▶ _Description of the task_: Transcribe, leaving out every picture, the lines that run from the start of the listing below through the line with "Muay Thai Kämpfer".

▶ _Task material_:

▶

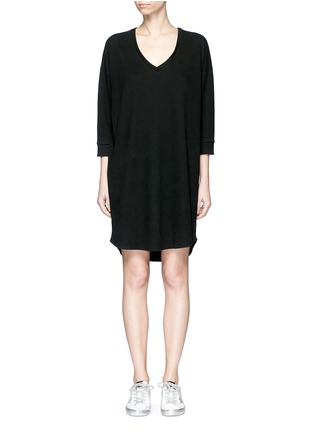 Main View - Click To Enlarge - JAMES PERSE - Double faced fleece jersey dress
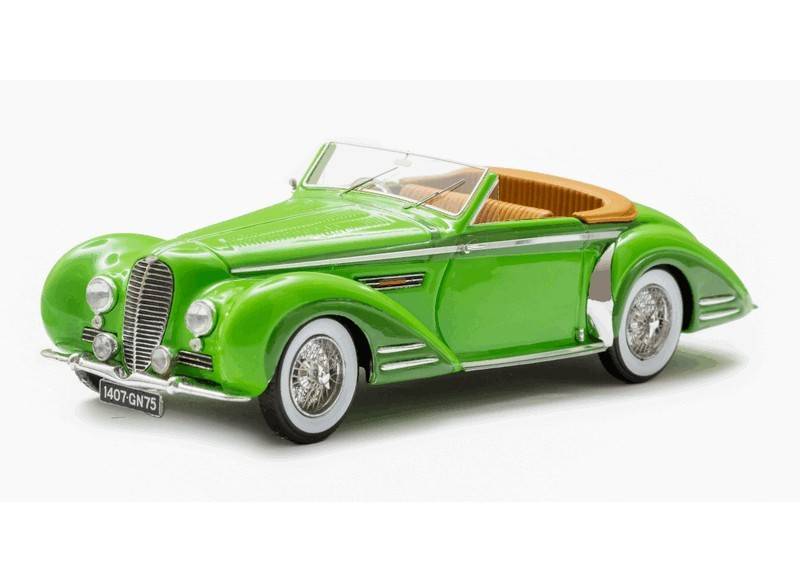 ESVAL MODELS 1:43 Delahaye 135 cabriolet by Chapron - 1948 (two-tone green) EMEU43017A
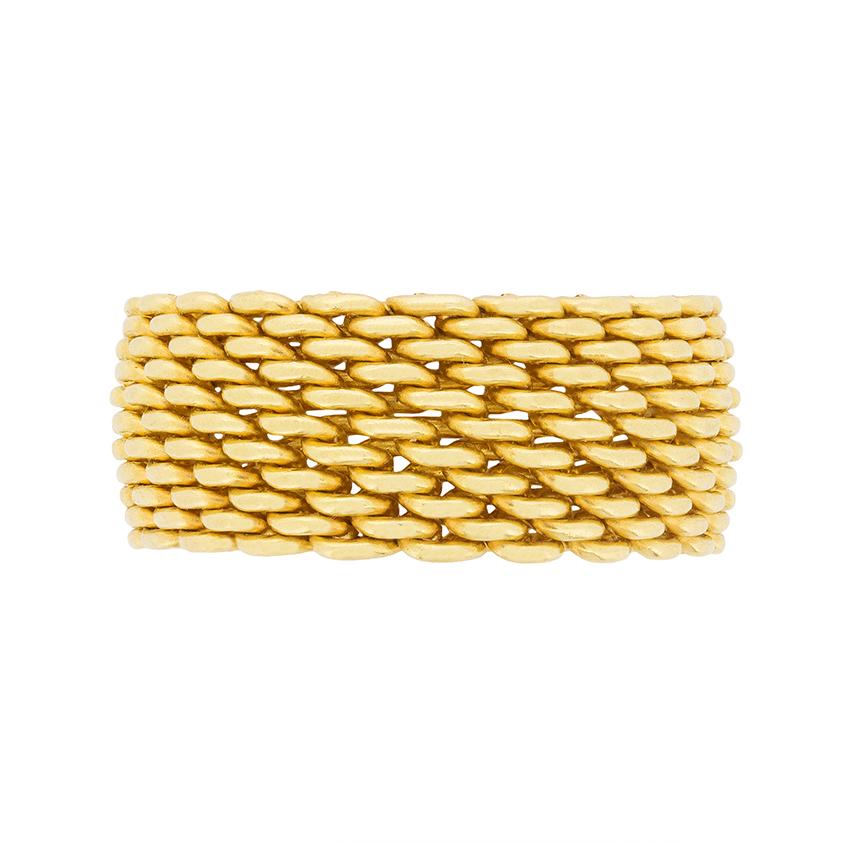 Tiffany & Co. 18 Carat Yellow Gold Somerset Ring
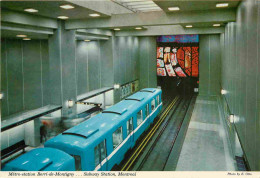 Trains - Métro - Montréal - Métro Station Berri De Montigny - Subway Station - CPM - Carte Neuve - Voir Scans Recto-Vers - Subway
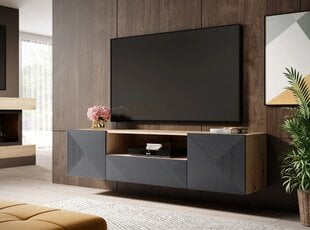 ТВ столик Bogart Asha 167, коричневый/черный цвет цена и информация | Тумбы под телевизор | pigu.lt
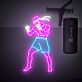 Muay Thai Kämpfer LED-Neonschild für Fitnessstudio Kampfsporthalle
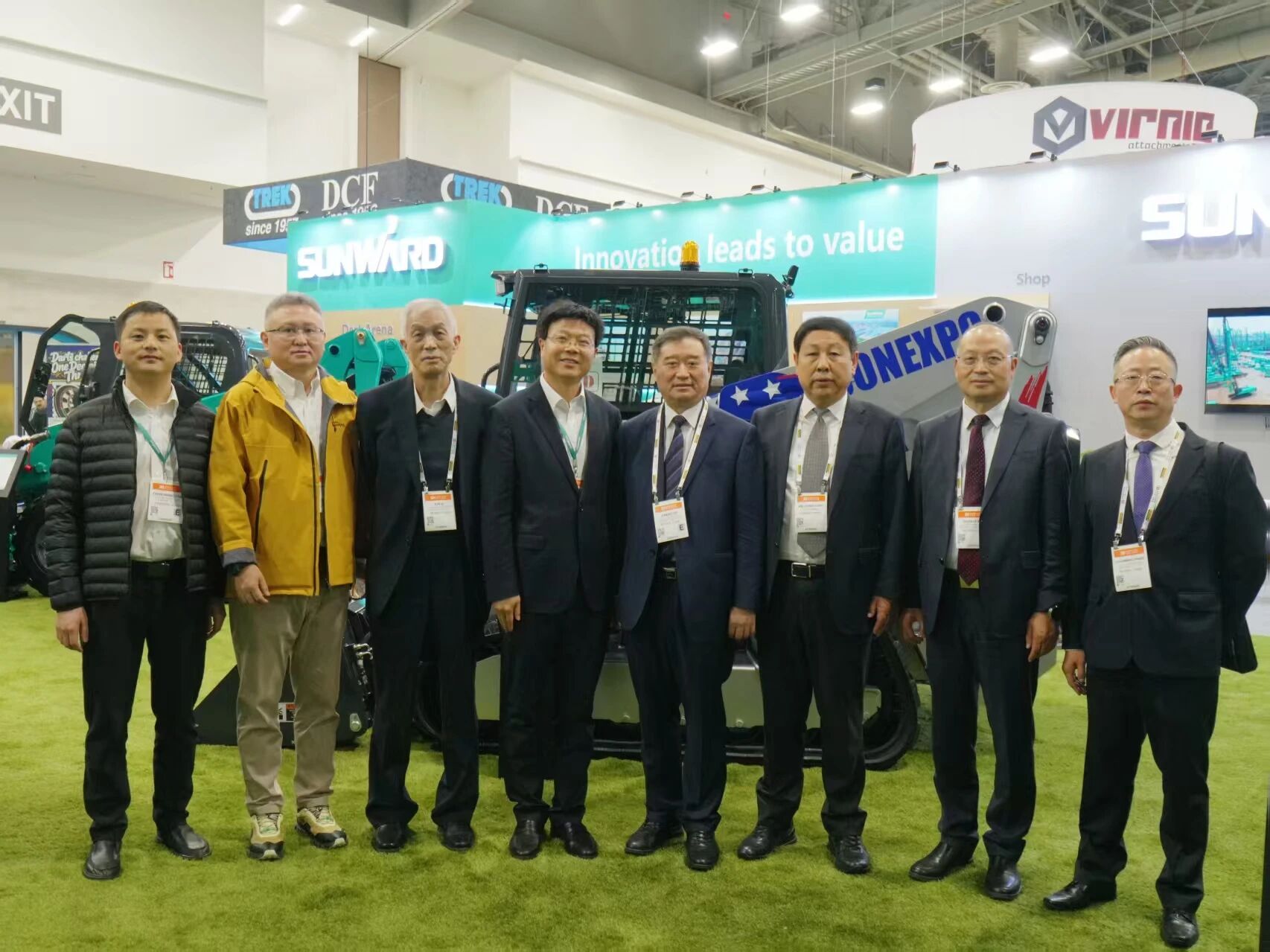 2026美国拉展 | 中国工程机械工业协会会长苏子孟一行到访米兰平台-米兰(中国)
智能展位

◀

▶ _Finished task_:
 Main View - Click To Enlarge - JAMES PERSE - Double faced fleece jersey dress
 ESVAL MODELS 1:43 Delahaye 135 cabriolet by Chapron - 1948 (two-tone green) EMEU43017A
 Tiffany & Co. 18 Carat Yellow Gold Somerset Ring
 Trains - Métro - Montréal - Métro Station Berri De Montigny - Subway Station - CPM - Carte Neuve - Voir Scans Recto-Vers - Subway
 ТВ столик Bogart Asha 167, коричневый/черный цвет цена и информация | Тумбы под телевизор | pigu.lt
 Muay Thai Kämpfer LED-Neonschild für Fitnessstudio Kampfsporthalle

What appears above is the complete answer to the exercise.